I want to simulate X-means algorithm based on [1] in MATLAB. I have some questions about this algorithm.

X-means Algorithm Steps:

(1) Initialize K = Kmin.

(2) Run K-means algorithm.

(3) FOR k = 1,. . . ,K:
Replace each centroid μk by two centroids μ(1) and μ(2).

(The two new centroids for the initialization of each of the K-means algorithms are obtained by perturbing an original centroid in two opposite directions along a randomly chosen vector by an amount proportional to the size of the respective cluster.)

(4) Run K-means algorithm with K = 2 over the cluster k.

Replace or retain each centroid based on the model selection criterion.

(the algorithm performs a model selection test BIC to determine whether the two new clusters are a better model than the original single cluster in each of the cases.
BIC_{k}=-2*logL+klogN which N is number of observations and k is number of clusters and logL is the log-likelihod)

(5) IF convergence condition is not satisfied, go to Step (2).
Otherwise Stop.

Question 1: In step (3) how can I determine new centroids?

Question 2: In step (4) how can I use the model selection criterion to replace or retain new centroids based on [2]?

[1] X-means: Extending k-means with efficient estimation of the
number of clusters

[2] Notes on BIC for X-means Clustering

There are two other questions about BIC calculation in X-Means, but I don't know how can I use BIC based on [2] for X-means algorithm.

X-mean algorithm BIC calculation question

Using BIC to estimate the number of k in KMEANS

Best Answer

The new centroids are creating a new structure hypothesis, basically that the existing cluster should be split into two.

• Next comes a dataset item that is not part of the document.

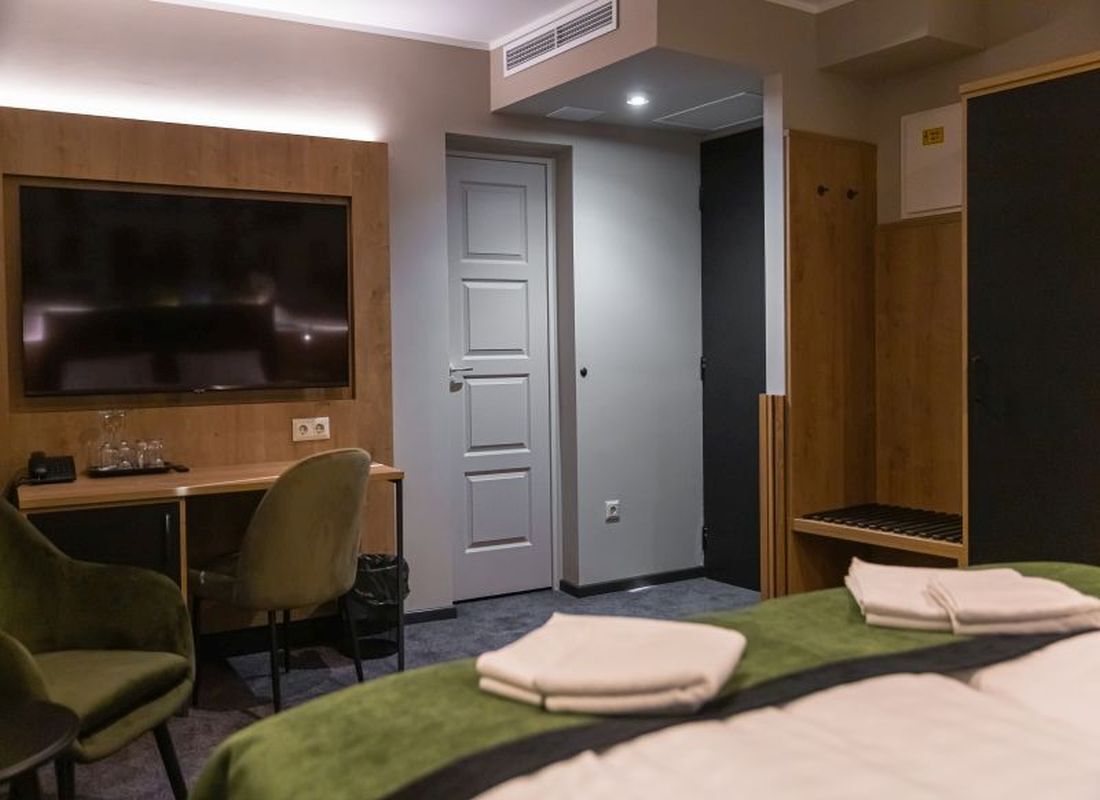 Ett hotellrum med en säng, ett skrivbord, en stol, en tv och en garderob.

Define the new centroids along a random vector about 1/3 the distance to the edge of the cluster. If you are using K-means, the average distance of points to the centroid would be a suitable criterion. The real problem is that K-means should not be used for anything. You should use EM, which is the same algorithm but with Gaussian distribution assumptions instead of uniform distribution assumptions. The counterpart of this for Gaussian distributions is easier to apply and more intuitively sensible besides. Try splitting the Gaussian along its principal axis, about 1.2 standard deviations out from the mean vector.